**Exercise**.
Reproduce the following records exactly from the line containing "Video: KAMAZ presenta" onward, ending with the last line and including it.

**Records to use**.
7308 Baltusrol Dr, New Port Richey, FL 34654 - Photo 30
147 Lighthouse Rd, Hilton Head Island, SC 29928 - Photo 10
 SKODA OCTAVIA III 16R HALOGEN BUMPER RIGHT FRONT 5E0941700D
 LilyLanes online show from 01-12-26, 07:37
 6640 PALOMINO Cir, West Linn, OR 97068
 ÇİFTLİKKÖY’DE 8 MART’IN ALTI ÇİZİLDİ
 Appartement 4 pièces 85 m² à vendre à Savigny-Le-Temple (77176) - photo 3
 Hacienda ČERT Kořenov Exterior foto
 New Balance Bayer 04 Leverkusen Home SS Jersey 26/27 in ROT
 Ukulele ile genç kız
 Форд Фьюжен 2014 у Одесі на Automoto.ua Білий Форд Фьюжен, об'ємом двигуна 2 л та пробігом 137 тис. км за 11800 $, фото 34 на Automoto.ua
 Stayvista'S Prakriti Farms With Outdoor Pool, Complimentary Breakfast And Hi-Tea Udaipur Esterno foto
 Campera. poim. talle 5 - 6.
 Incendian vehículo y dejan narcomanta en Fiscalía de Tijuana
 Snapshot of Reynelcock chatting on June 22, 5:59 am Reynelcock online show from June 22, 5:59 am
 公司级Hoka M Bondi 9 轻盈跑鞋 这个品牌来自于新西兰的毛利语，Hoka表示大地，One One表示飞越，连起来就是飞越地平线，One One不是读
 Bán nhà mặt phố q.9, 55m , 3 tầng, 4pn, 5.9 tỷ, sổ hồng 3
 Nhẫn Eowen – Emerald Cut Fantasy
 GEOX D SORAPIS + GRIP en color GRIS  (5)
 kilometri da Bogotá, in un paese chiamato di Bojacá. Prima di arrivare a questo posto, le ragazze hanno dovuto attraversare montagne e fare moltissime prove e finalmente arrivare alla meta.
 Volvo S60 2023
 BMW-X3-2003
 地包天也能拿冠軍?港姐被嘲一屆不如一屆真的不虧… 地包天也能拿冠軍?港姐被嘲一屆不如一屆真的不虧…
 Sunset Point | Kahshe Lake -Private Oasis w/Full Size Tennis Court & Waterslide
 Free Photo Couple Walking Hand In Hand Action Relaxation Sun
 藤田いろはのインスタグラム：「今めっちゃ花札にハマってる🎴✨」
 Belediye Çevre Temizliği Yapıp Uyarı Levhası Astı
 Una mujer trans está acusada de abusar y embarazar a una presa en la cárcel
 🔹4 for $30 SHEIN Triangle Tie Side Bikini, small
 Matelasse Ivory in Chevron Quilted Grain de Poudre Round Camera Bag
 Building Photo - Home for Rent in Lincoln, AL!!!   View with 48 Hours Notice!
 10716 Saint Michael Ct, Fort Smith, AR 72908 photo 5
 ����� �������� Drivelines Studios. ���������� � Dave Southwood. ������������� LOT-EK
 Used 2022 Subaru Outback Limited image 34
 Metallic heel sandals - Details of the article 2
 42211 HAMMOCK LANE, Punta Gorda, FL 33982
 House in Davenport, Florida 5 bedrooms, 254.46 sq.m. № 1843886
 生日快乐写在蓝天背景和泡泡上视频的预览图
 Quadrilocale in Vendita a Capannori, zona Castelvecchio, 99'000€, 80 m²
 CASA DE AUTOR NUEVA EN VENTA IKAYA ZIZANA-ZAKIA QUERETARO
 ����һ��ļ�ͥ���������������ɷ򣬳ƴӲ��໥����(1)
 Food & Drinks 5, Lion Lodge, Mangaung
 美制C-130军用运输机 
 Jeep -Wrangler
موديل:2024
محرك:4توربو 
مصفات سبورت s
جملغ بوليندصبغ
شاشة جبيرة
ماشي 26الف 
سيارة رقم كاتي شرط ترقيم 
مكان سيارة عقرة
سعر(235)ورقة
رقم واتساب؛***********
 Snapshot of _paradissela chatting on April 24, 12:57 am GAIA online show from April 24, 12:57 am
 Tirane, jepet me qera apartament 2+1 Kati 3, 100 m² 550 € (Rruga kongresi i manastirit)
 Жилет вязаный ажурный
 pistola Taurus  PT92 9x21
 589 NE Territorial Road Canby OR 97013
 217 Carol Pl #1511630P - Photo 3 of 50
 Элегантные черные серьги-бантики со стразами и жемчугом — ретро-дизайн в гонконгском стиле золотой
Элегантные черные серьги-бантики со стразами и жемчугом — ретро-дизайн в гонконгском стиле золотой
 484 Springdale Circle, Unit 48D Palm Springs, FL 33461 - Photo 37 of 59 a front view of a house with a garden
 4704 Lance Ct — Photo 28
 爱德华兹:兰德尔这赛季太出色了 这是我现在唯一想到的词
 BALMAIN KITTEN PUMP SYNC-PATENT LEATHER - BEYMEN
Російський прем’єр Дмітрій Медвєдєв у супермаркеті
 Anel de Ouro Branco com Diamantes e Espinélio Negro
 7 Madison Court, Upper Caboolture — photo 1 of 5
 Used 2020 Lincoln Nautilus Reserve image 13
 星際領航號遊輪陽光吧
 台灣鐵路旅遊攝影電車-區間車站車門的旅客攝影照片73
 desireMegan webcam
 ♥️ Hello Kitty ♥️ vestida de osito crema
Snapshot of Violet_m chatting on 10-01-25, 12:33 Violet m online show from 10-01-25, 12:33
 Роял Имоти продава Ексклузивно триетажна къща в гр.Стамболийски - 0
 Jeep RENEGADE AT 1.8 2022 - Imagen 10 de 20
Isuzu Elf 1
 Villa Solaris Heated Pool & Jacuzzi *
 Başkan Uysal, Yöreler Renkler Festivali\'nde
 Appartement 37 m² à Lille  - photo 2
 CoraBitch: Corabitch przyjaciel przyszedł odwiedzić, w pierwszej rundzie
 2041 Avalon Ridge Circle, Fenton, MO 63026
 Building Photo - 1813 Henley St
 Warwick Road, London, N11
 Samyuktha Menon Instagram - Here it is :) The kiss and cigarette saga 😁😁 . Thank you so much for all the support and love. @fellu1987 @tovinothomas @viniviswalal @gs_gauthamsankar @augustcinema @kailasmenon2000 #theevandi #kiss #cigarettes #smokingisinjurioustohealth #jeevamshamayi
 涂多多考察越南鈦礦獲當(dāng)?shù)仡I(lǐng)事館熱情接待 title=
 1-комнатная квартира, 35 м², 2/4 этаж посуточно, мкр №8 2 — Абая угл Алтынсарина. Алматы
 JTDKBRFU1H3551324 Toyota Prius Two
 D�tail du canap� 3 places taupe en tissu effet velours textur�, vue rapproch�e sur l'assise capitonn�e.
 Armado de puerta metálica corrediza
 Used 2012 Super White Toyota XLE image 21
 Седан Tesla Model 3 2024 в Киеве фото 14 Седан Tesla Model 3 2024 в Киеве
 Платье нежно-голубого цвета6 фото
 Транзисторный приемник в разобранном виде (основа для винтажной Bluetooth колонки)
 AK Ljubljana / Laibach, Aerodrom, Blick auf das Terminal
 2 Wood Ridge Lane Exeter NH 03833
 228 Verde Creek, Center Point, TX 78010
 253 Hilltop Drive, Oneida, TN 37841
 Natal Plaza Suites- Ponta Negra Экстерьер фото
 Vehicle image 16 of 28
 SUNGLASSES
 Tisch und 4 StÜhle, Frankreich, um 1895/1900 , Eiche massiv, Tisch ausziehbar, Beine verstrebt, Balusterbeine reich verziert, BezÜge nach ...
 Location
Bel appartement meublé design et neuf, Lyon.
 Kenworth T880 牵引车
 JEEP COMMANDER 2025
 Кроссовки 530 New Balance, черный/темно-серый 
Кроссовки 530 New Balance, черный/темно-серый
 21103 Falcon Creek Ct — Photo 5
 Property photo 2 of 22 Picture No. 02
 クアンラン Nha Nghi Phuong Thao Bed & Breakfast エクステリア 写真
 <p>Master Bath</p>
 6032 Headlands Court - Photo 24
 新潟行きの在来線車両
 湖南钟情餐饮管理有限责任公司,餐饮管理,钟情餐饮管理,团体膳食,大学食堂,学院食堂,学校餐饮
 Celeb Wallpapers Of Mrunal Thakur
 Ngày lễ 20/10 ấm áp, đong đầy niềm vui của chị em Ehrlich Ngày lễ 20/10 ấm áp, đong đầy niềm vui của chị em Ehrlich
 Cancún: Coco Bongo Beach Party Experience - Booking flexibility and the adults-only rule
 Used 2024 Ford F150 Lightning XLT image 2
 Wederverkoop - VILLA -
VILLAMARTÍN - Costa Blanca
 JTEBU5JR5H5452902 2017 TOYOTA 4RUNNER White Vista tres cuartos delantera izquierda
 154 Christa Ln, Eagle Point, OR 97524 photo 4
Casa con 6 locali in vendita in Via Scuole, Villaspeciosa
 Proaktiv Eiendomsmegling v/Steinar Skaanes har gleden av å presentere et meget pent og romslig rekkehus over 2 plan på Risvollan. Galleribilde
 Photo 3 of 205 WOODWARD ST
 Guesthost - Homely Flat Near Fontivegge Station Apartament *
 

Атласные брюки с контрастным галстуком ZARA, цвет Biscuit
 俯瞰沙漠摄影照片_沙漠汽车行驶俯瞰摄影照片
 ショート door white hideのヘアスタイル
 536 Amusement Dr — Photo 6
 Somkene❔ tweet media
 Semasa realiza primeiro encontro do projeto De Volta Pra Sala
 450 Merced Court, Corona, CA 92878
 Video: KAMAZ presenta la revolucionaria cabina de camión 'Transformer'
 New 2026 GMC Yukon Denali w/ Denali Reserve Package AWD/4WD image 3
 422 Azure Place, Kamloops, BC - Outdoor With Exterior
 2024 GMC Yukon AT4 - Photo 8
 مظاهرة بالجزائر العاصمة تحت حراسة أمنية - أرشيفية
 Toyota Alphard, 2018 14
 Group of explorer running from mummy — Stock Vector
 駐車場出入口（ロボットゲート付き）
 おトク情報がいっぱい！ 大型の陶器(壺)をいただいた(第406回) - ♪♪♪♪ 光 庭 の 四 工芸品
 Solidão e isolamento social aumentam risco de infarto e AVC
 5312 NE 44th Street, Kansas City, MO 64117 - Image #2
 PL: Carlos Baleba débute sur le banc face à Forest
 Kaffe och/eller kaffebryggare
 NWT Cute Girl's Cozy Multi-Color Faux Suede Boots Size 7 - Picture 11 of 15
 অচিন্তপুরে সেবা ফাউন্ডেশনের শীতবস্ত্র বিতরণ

**Answer to the exercise**.
 Video: KAMAZ presenta la revolucionaria cabina de camión 'Transformer'
 New 2026 GMC Yukon Denali w/ Denali Reserve Package AWD/4WD image 3
 422 Azure Place, Kamloops, BC - Outdoor With Exterior
 2024 GMC Yukon AT4 - Photo 8
 مظاهرة بالجزائر العاصمة تحت حراسة أمنية - أرشيفية
 Toyota Alphard, 2018 14
 Group of explorer running from mummy — Stock Vector
 駐車場出入口（ロボットゲート付き）
 おトク情報がいっぱい！ 大型の陶器(壺)をいただいた(第406回) - ♪♪♪♪ 光 庭 の 四 工芸品
 Solidão e isolamento social aumentam risco de infarto e AVC
 5312 NE 44th Street, Kansas City, MO 64117 - Image #2
 PL: Carlos Baleba débute sur le banc face à Forest
 Kaffe och/eller kaffebryggare
 NWT Cute Girl's Cozy Multi-Color Faux Suede Boots Size 7 - Picture 11 of 15
 অচিন্তপুরে সেবা ফাউন্ডেশনের শীতবস্ত্র বিতরণ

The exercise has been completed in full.